Tuesday, March 12, 2013

Silencing the Inner Critic

Recently I was presented with an opportunity to create some work for a silent auction.  I saw this as a chance to support a worthy cause, but also an opportunity to introduce myself to a new audience.  Basically, I made something pretty great into something with waaaaaay too much pressure.

The only direction I got was "something big and blue" and a deadline.  That was pretty open-ended but with a big/looming deadline fast approaching.  The vague direction left me scratching my head for a while (but it was really procrastination disguised as fear). 

I challenged myself to create something that was much larger than what I normally work with, a 24"x30" canvas.  I sketched out the basic shape of the head, facial features, and the upper body.  Then I started adding base-layers of paint to the canvas. 

And that's when the inner critic went to town on me. 

I spent hours fretting over the blue areas of the canvas.  Nothing felt right.  Nothing seemed "good enough."  The more paint I spread around, the more of my favorite techniques I tried, the worse I felt.  My inner critic was having a grand ol' time.

I then turned my attention to the face.  Ick!  The eyes looked funny.  The lips were too big.  The skin and shading was off.  The eye-shadow was too dark.  The hair wasn't falling quite right.  My inner critic picked this poor painting apart every step of the way.  I painted the eyes at least five separate times.  Many other features were done and redone and redone some more.  Nothing was working.  Except my inner critic.  She was in maximum overdrive.

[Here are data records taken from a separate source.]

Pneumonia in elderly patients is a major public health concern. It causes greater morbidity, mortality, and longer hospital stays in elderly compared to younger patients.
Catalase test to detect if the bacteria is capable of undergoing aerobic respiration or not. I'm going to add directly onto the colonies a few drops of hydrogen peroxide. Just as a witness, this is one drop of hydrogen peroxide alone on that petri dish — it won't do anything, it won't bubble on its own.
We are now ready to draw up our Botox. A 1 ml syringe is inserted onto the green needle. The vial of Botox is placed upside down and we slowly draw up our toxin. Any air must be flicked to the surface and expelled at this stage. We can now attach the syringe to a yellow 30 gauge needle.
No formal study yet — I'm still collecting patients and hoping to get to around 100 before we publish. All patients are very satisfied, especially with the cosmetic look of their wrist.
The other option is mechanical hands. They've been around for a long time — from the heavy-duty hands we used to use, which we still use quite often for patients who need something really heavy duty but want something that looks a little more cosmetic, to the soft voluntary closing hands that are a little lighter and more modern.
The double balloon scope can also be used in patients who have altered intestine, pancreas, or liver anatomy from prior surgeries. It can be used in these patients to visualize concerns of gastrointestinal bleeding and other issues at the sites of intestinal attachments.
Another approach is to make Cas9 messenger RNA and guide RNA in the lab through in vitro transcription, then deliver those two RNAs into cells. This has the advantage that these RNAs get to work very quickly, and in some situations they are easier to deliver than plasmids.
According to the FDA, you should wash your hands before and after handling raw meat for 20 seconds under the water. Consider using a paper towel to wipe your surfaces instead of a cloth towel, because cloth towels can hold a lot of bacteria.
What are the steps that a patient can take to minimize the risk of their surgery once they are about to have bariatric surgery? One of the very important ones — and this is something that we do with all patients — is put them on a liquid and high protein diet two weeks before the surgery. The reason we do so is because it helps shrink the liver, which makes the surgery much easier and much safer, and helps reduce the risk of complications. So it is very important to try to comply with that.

With 24 hours til' deadline--I was staring at the ceiling in the middle of the night, seriously contemplating if I should just paint over the entire thing and start over.  My inner critic was taunting me, telling me I wasn't good enough.  That my work would be declared not good enough and not worthy of those that would potentially view/bid on my work. 

But then it hit me...my inner critic doesn't know jack!  She doesn't have any talent, experience, or credibility.  She has done absolutely nothing.  She's only speaking to me because I am listening to her.  The only power she has is the power I give her. 

So I got up early the next morning and with renewed enthousiasm I finished the painting.  Sure, there are still some little things that could be better, but overall I'm proud to say that I kept at it and finished the piece.  More importantly, I figured out that once I found my own voice and stopped listening to my inner critic--she really didn't have that much to say. 

Mixed Media on 24"x30" Gallery Wrapped Canvas

The "Siren" in all of us is as enchanting as she is unstoppable.  She's dangerous when she finds her voice.  Have the courage to let her sing.

How do you silence your inner critic?


  1. Love it. Ignore your inner critic. This is fantastic.

  2. I love the question, "How do you silence your inner critic?" I have a routine that includes walking away from a particular piece and beginning something new. Then, when the critic is away for the day, I go back to the original piece and work on it some more! Seriously, I love your "Siren." This piece is, indeed, enchanting. I want to look at all that blue and conjure up what I might see there, but the eyes will now allow me to do so. Enchanting, indeed!

  3. Thank you both. And Kay, I think that is a great idea! I will have to keep that in mind.

  4. So inspiring! I have a hard time creating for something or someone, because that's when my critic is loudest. You did beautifully!

  5. I love it when we can effectively silence our inner critic ...at least long enough to get something done if not even completed. They can't take up all the time in our heads after all.